In the past month, since the Broadway show Hamilton was released on Disney +, there have been a number of conversation about the narrative the musical presents about America’s Founding Fathers, and its flaws in light of history. In certain ways, these conversations struck me ironic, as one of the central themes of the show is the question of legacy, and what it means to be able (or unable) to control the stories told about you after they’re gone. Hamilton isn’t trying to be history. It’s trying to be a narrative about the values of America—what America has been, what it is, and also, what it could be.
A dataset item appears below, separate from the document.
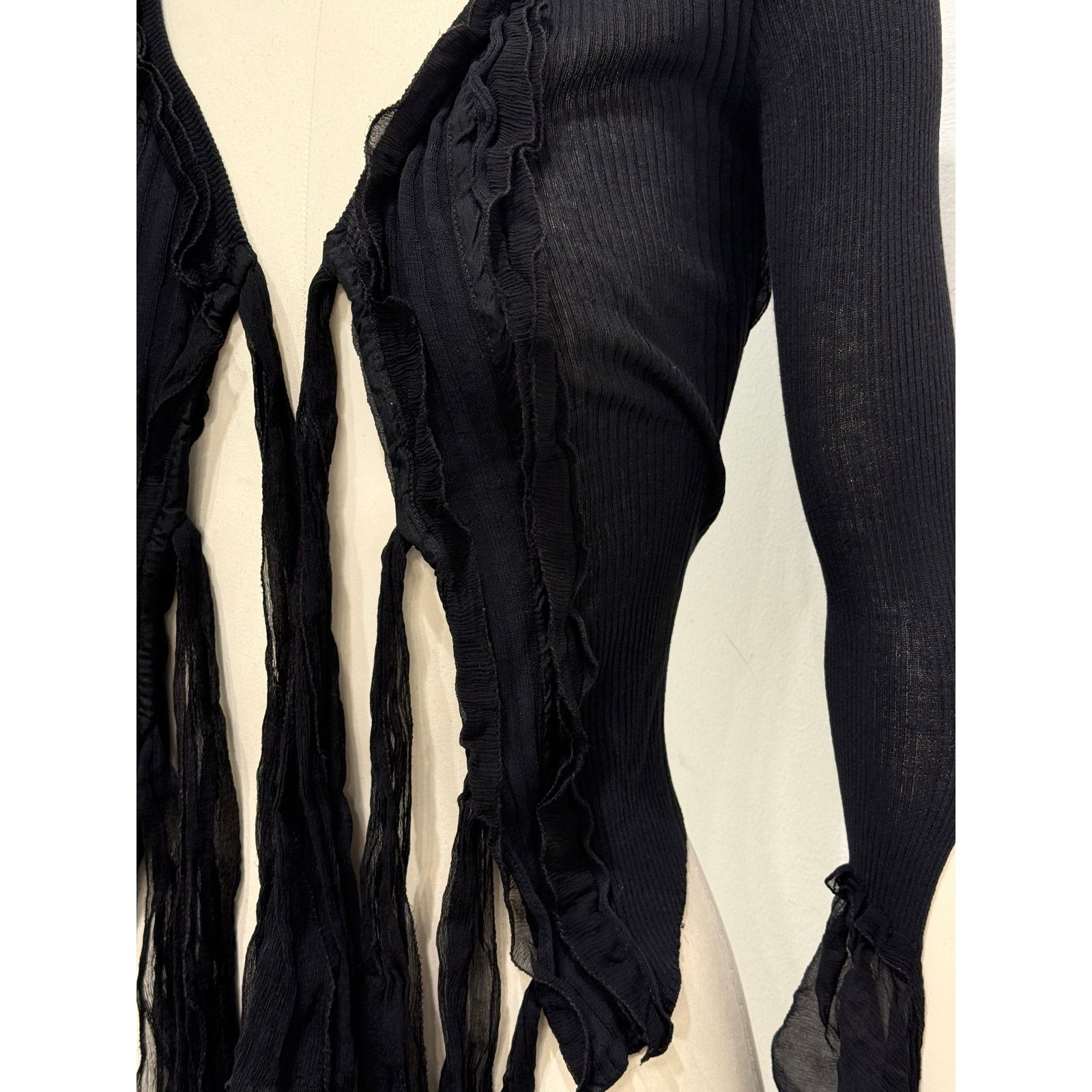Jean Paul Gaultier 2000s Jean Paul Gaultier sheer ribbon-tie corset blouse Size S / US 4 / IT 40 - 10 Thumbnail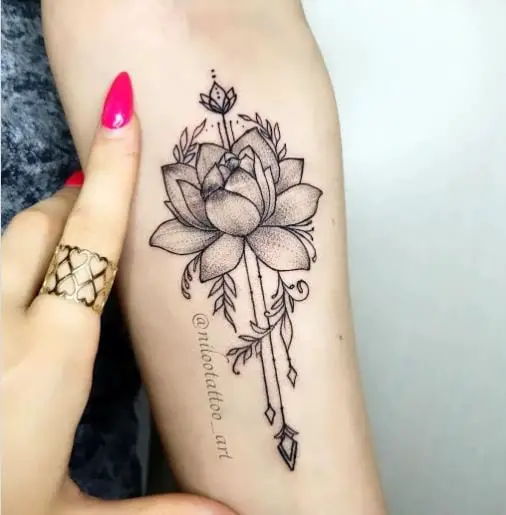Pencil Sketch Style Lotus Tattoo Design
As Yosef Chayim Yerushalmi famously argued in his seminal book Zachor, there’s a difference between history and memory--both are deeply important, but they play different roles in our lives. It’s important, then, that we not conflate the two. From the very beginning, the Jewish tradition is aware of this distinction, as the book of D’varim shows us. If D’varim was meant to be read as history, there would be no point of most of the first half of the book--it would primarily be a direct repetition of the previous three books, when the rabbinic tradition tells us that there is not even a single extra letter in the Torah. Instead, there are a number of differences between the way that Moshe tells the story here, and the ways that those same stories appear earlier in the Torah. There are a number of examples of this phenomenon, but here, I’ll focus on one in particular.
At the end of D’varim chapter 3, Moshe tells the B’nai Yisrael the story of why he’s not permitted to enter the land. He says, “Now Hashem was angry with me on your account and swore that I should not cross the Jordan and enter the good land that the Hashem your God is assigning you as a heritage.” In Moshe’s telling, it is because of the flaws of the Israelites that he cannot enter the land. However, Bamidbar 20, in Parshat Chukat, paints a more complicated story. The people are complaining that they have no water, and so God tells Moshe and his brother Aharon, “You and your brother Aharon take the rod and assemble the community, and before their very eyes order the rock to yield its water. Thus you shall produce water for them from the rock and provide drink for the congregation and their beasts.” God explicitly tells Moshe, “Because you did not trust Me enough to affirm My sanctity in the sight of the Israelite people, therefore you shall not lead this congregation into the land that I have given them.”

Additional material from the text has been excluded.